I also have a flickr photo group with pictures of these in use, if you need to be inspired. You can join it if you'd like and post your own creations: Faux Gemstones Photo Group
Step 1: Gathering Materials
Clear or colored flat glass marbles
Permanent markers in colors that you like (I prefer Sharpies)
Clay tools for your polymer clay
A glass pan (for baking the finished piece)
Step 2: Making It Sparkle
Tear off a piece of foil that is more than large enough to cover the bottom of the stone. You can use smooth foil or crinkle it for an interesting effect. I prefer it crinkled because it allows for more variations in color. If you want a crinkled effect, wad it up several times first. Smooth out the foil or, to get really deep creases, press down on the foil to flatten it. This retains the deep creases and prevents the foil from getting holes when it is over-worked.
Step 3: Color
Swirl together different colors and experiment with the results but be warned the different colors will bleed together onto the tip of the markers. (I just ran the bled color out by scribbling it on paper.)
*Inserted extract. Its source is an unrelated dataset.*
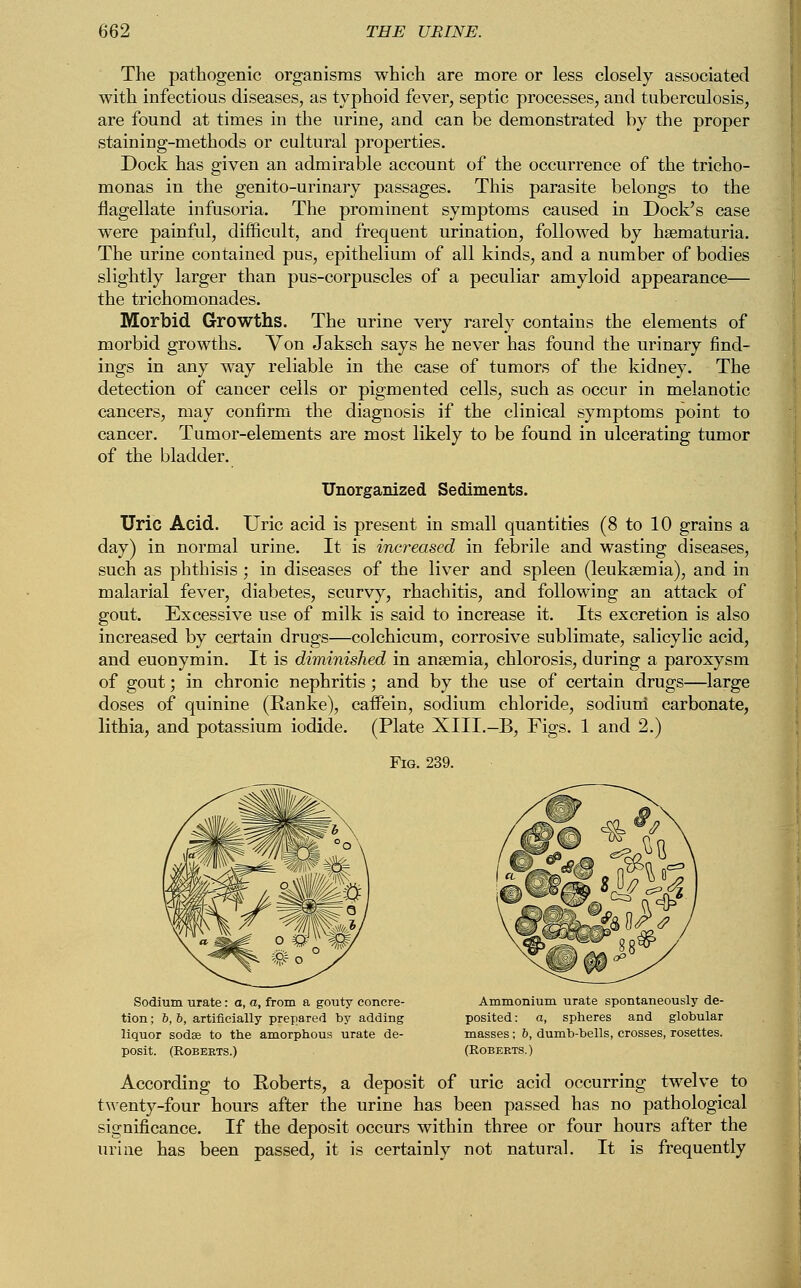 The pathogenic organisms which are more or less closely associated with infectious diseases, as typhoid fever, septic processes, and tuberculosis, are found at times in the urine, and can be demonstrated by the proper stainiug-methods or cultural properties. Dock has given an admirable account of the occurrence of the tricho- monas in the genito-urinary passages. This parasite belongs to the flagellate infusoria. The prominent symptoms caused in Dock's case were painful, difficult, and frequent urination, followed by hsematuria. The urine contained pus, epithelium of all kinds, and a number of bodies slightly larger than pus-corpuscles of a peculiar amyloid appearance— the trichomonades. Morbid Growths. The urine very rarely contains the elements of morbid growths. Von Jaksch says he never has found the urinary find- ings in any way reliable in the case of tumors of the kidney. The detection of cancer cells or pigmented cells, such as occur in melanotic cancers, may confirm the diagnosis if the clinical symptoms point to cancer. Tumor-elements are most likely to be found in ulcerating tumor of the bladder. Unorganized Sediments. Uric Acid. Uric acid is present in small quantities (8 to 10 grains a day) in normal urine. It is increased in febrile and wasting diseases, such as phthisis ; in diseases of the liver and spleen (leukaemia), and in malarial fever, diabetes, scurvy, rhachitis, and following an attack of gout. Excessive use of milk is said to increase it. Its excretion is also increased by certain drugs—colchicum, corrosive sublimate, salicylic acid, and euonymin. It is diminished in anaemia, chlorosis, during a paroxysm of gout; in chronic nephritis; and by the use of certain drugs—large doses of quinine (Ranke), caifein, sodium chloride, sodium carbonate, lithia, and potassium iodide. (Plate XIII.-B, Figs. 1 and 2.) Sodium urate: a, a, from a gouty concre- tion ; 6, 6, artificially prepared by adding liquor sodse to the amorphous urate de- posit. (Roberts.) Ammonium urate spontaneously de- posited: a, spheres and globular masses; b, dumb-bells, crosses, rosettes. (Roberts.) According to Roberts, a deposit of uric acid occurring twelve to twenty-four hours after the urine has been passed has no pathological significance. If the deposit occurs within three or four hours after the urine has been passed, it is certainly not natural. It is frequently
For more variations, dab clean foil against the coloring while it is wet (to blend colors together) or blot it the colored portion with paper to remove heavy color. Another way to create a swirled or varied coloration is to add other colors and patterns in permanent marker on the flat back side of the glass stone. When the foil and stone are put together, youll combine both effects for a unique look. Continue to the next step once the marker is completely dry on both the foil and glass.
Step 4: Backing the Stone
Step 5: Making the Setting
Create the setting by pressing the stone into a base of unbaked polymer clay and building up the clay around the stone. If you already have an unbaked polymer clay piece that you want to place it on, use that. Otherwise, you can simply make a circular base that's large enough to accommodate the stone. Carefully press the stone and the attached foil onto the base, making sure that the clay conforms well to prevent air voids.
You need to surround the sides with clay in some manner. You can make a rope to encircle it or press down little balls of clay around the stone--anything you can think of. The foil and stone will not stay stuck to the base without something holding them on, like the setting in jewelry. The main goal is to embed the stone in clay well enough so it cannot fall out while you also want to cover the sides of the stone to hide the foil and coloring work.
Step 6: Finishing
Place on a glass pan and bake your clay piece as instructed on the packaging of the clay. I just use my home oven but I know there are people who worry about clay and marker fumes. So, if you are worried, use an oven dedicated to polymer clay work and ventilate if possible.
Slap that sucker onto a brooch back or use however you'd like.